Rose Walton was a pioneer from the earliest days of HIV/AIDs and she spearheaded the entire AIDS education movement trying to educate gay men and others in the spreading of HIV. She was instrumental in that, which was a reason that the Southampton Hospital under the new now-named Edie Windsor Healthcare Center is the Rose Walton HIV/AIDS Education Center. She was a pioneer-educator.

When I followed her (as co-chair of EEGO) … I saw firsthand her leadership qualities in rallying the East End people, straight and gay, to ally with us, to get some equal rights on the East End, including domestic partnership.

She was a strategic leader … she understood that you just didn’t scream in the streets. You had to have meetings with our local legislature. She set them up. Meetings with people who owned restaurants. Get the people who owned restaurants to understand that we spend money and that they need to support our projects — and they did.

Jimmy Mack, lifelong resident of Southampton

My husband Brian (Mott) and I met Rose and Marge late in life, but Rose’s energy, focus and intelligence were still so intact, so clear. We met through our mutual friendship with Edie Windsor, so we knew we were in great company. I read Rose’s book, By Any Other Name, and my respect for her strength and humor only deepened.

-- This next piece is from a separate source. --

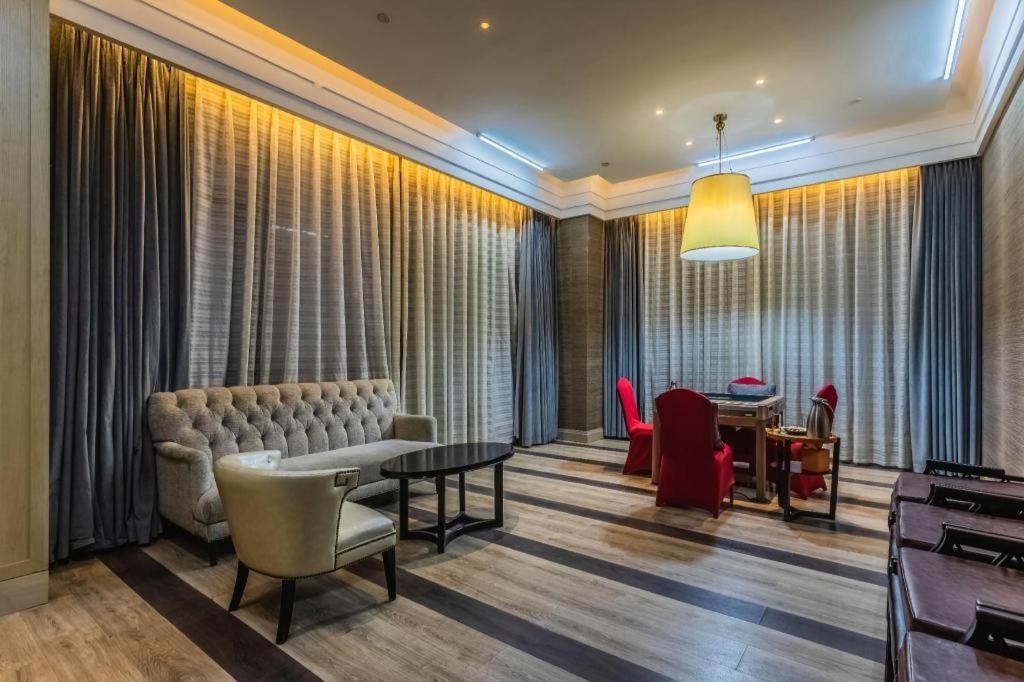 Grand New Century Hotel Yixing 27/50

I have been a patient at the Rose Walton HIV/AIDS Care Center since its inception, and I feel such gratitude to have known and cared for someone whose work has been so instrumental to my own health journey.

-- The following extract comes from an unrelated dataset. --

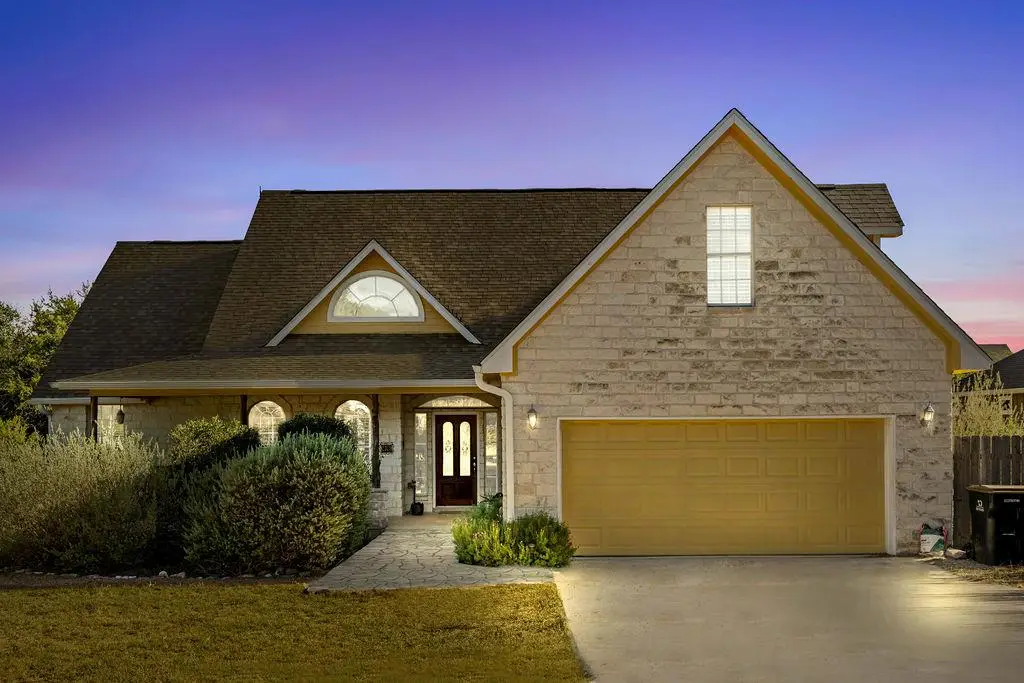 11 Elmwood Cir, Wimberley, TX 78676 - Image #1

Robert S. Chaloner, Chief Administrative Officer, Stony Brook Southampton Hospital

Rose Walton was a dynamic force on the East End. She was passionately committed to administering the highest quality of care to HIV/AIDS patients. Her dedication inspired the Rose Walton Care Services for HIV/AIDS at the Edie Windsor Healthcare Center in Hampton Bays where we continue to carry forth her mission today. While there is currently no cure, medical advancements have enabled those diagnosed with HIV to live full lives. In addition to the Rose Walton Care Services, the Edie Windsor Healthcare Center specializes in providing LGBTQ+ health services in a compassionate and respectful environment.

Josephine DeVincenzi, Ed.D. & Mary J. Scanlon, friends of Rose

Dr. Rose Walton was a calming, strong presence at a time when people were frightened and needed answers. Her educational efforts in Suffolk County during the height of the AIDS epidemic saved lives and changed minds.

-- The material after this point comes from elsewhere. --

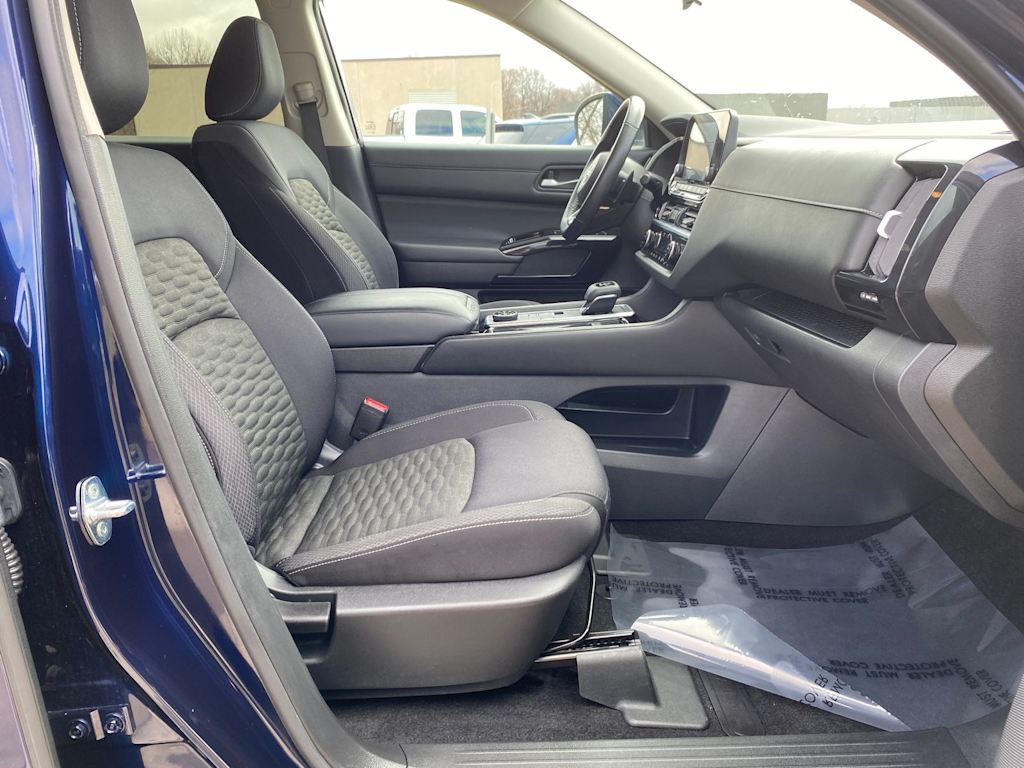 Thumbnail: 2022 Nissan Pathfinder - 11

She always put others first, despite enduring a significant illness for most of her adult life. She transcended her illness with the help of her loving, skillful wife. She was admired, loved and became a hero to those of us who were honored to have known her.

Marge Sherwin, spouse of Rose

She was extremely smart. Her compassion, her quiet force are the adjectives I would use to describe her.

She stood up for the gay community in times when it was not easy to do, and she was the first educator on Long Island to pick up the mantle and to help the people on the East End get access to care.

I remember when we were with EEGO, everyone was supportive except some of the women came up to Rose at a cocktail party and said to her, “Why are you doing this? You are helping the men. The men would not stand up to the women if this was reversed.” And she looked at them and she said, “Women are also getting AIDS.” It was a very interesting exchange.

The people that knew her then understood that quietness and that force behind her quietness. The people who didn’t know her then are amazed at what she accomplished … she was an administrator at Stony Brook, she ran the AIDS Resource Center, she was the chair of the Allied Health Care Curriculum … when she retired they hired two or three people — it was amazing — to take all her jobs.

I think today she would want to help with the transgender issues and making kids safe in schools here.